Appellate Division of the Supreme Court of New York, Fourth Department
Nov 12, 1976
54 A.D.2d 257 (N.Y. App. Div. 1976)


November 12, 1976

Appeal from the Supreme Court, Monroe County, AUSTIN W. ERWIN, J.

Louis N. Kash, Corporation Counsel (Emil Karcich of counsel), for appellant.

Hoffenberg Christiano (George Hoffenberg of counsel), for respondent.

The question presented on this appeal is whether respondent's demand for compensation due to petitioner's order prohibiting the use of city-owned vehicles during nonworking hours is an arbitrable issue. Petitioner seeks a stay of arbitration on the grounds of res judicata and that any cash award to municipal employees would constitute a violation of section 1 of article VIII of the New York Constitution.

Section 1 of article VIII of the New York Constitution provides: "No county, city, town, village or school district shall give or loan any money or property to or in aid of any individual, or private corporation or association, or private undertaking, or become directly or indirectly the owner of stock in, or bonds of, any private corporation or association."

To understand fully the issues involved in this case, it is necessary to present a brief history of the facts leading up to petitioner's demand for a stay of arbitration. In a letter dated March 11, 1975 petitioner informed all supervisory personnel that as of April 14, 1975 they were to leave their city cars at work when their daily work shifts were completed. The institution of this regulation was in direct contradiction to the prior practice of allowing such municipal employees to retain the use of the city cars after working hours.
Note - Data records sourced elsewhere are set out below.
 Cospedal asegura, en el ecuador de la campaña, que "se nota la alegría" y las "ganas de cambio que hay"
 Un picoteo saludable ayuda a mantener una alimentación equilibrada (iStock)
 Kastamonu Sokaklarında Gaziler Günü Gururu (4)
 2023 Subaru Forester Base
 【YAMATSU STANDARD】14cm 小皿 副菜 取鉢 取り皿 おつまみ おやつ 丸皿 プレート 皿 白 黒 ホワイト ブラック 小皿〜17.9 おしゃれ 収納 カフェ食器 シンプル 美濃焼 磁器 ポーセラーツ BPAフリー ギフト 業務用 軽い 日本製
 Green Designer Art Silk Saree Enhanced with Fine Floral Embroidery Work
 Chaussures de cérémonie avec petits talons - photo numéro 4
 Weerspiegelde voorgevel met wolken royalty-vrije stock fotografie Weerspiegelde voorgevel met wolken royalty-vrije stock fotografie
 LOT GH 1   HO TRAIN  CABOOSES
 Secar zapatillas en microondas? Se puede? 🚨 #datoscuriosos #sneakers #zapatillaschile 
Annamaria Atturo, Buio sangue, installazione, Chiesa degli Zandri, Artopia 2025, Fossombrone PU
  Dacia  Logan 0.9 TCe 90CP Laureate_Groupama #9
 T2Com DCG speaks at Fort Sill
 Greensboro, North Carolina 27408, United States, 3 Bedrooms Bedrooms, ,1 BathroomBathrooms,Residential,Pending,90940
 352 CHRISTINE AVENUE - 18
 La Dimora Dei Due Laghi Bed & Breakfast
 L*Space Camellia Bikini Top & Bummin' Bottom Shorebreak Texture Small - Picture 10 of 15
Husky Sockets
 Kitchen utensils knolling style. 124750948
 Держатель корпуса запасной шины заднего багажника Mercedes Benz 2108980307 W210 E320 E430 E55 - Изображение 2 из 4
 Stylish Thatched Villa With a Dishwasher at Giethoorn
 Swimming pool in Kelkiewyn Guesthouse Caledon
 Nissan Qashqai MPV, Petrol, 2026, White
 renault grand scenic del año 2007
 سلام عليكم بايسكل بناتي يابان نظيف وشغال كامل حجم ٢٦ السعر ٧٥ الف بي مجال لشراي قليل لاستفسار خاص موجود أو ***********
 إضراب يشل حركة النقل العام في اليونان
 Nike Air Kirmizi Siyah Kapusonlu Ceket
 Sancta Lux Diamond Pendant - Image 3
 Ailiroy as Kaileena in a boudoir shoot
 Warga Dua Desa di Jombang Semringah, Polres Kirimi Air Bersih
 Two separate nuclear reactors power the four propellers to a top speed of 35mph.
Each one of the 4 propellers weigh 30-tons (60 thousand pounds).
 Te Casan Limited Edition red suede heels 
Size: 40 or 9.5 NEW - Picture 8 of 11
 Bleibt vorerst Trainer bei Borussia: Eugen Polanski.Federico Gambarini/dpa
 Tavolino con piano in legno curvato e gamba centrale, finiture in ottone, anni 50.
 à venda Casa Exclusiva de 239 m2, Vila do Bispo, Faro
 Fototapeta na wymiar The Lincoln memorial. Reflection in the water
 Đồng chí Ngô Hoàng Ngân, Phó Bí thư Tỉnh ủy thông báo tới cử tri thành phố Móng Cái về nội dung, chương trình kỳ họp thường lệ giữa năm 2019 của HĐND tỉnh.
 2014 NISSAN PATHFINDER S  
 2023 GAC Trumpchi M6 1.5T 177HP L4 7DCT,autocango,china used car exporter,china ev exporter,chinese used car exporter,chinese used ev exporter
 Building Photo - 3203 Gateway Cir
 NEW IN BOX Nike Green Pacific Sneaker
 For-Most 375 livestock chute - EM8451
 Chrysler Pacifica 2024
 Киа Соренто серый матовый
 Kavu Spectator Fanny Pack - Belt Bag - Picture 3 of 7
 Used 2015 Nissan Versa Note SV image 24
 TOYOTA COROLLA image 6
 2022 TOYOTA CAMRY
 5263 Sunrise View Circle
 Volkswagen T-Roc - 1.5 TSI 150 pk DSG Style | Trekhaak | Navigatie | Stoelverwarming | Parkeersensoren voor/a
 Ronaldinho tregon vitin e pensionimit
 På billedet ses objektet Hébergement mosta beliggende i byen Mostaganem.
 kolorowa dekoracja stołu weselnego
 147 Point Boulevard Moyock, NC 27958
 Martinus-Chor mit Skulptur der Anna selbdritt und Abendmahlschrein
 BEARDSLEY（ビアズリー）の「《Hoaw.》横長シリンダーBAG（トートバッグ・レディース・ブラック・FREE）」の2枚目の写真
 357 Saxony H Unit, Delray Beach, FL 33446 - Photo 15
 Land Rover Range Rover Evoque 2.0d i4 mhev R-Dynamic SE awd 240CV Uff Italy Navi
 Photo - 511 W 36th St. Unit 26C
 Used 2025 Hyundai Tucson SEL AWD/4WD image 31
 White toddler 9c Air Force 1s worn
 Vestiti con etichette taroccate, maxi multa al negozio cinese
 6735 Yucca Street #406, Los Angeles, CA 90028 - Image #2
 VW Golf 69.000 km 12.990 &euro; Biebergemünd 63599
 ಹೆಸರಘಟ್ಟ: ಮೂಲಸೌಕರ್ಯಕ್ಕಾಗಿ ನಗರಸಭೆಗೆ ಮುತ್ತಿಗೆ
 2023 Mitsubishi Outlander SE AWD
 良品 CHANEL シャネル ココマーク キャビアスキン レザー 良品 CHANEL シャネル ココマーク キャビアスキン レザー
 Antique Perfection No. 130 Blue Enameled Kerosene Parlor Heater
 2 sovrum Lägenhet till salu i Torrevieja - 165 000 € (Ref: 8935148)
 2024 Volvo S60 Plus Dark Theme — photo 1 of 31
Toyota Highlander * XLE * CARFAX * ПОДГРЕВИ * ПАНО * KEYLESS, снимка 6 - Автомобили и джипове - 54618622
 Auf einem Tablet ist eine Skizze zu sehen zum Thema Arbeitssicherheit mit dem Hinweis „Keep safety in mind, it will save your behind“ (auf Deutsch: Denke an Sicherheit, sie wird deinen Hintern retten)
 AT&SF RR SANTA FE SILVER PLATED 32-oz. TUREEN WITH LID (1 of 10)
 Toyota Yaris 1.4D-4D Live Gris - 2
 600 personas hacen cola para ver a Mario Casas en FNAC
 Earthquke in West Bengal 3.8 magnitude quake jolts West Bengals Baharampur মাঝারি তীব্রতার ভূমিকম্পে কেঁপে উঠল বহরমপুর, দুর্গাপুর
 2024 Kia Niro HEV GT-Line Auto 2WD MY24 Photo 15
Upon receipt of this letter respondent, American Federation of State, County and Municipal Employees (AFSCME, Local 1635), filed a grievance dated March 24, 1975, pursuant to the existing collective bargaining agreement, in which it alleged that petitioner was attempting to deprive supervisory personnel of a benefit that they had had for many years and that such deprivation violated section 2 of article 21 of the contract. Respondent sought that supervisory personnel be allowed to retain their cars during the hours in question or receive a benefit of equal value.

After the filing of this grievance, a hearing was held before an arbitrator who made a decision dated August 25, 1975 in which he stated: that petitioner is directed to restore the motor vehicles to persons assigned; that it is directed to post on all respondent's bulletin boards such proposed rule changes, if any, relating to the use and operation of motor vehicles as it deems appropriate for a period of 10 consecutive work days as provided in the contract; that petitioner is further directed to consult with respondent with respect to such rule changes as provided by the terms of the contract; and that the arbitrator would retain jurisdiction over any dispute that may evolve with respect to the grievance procedure provided in the contract. This arbitration award was confirmed by the Supreme Court on February 8, 1976 and no appeal was taken.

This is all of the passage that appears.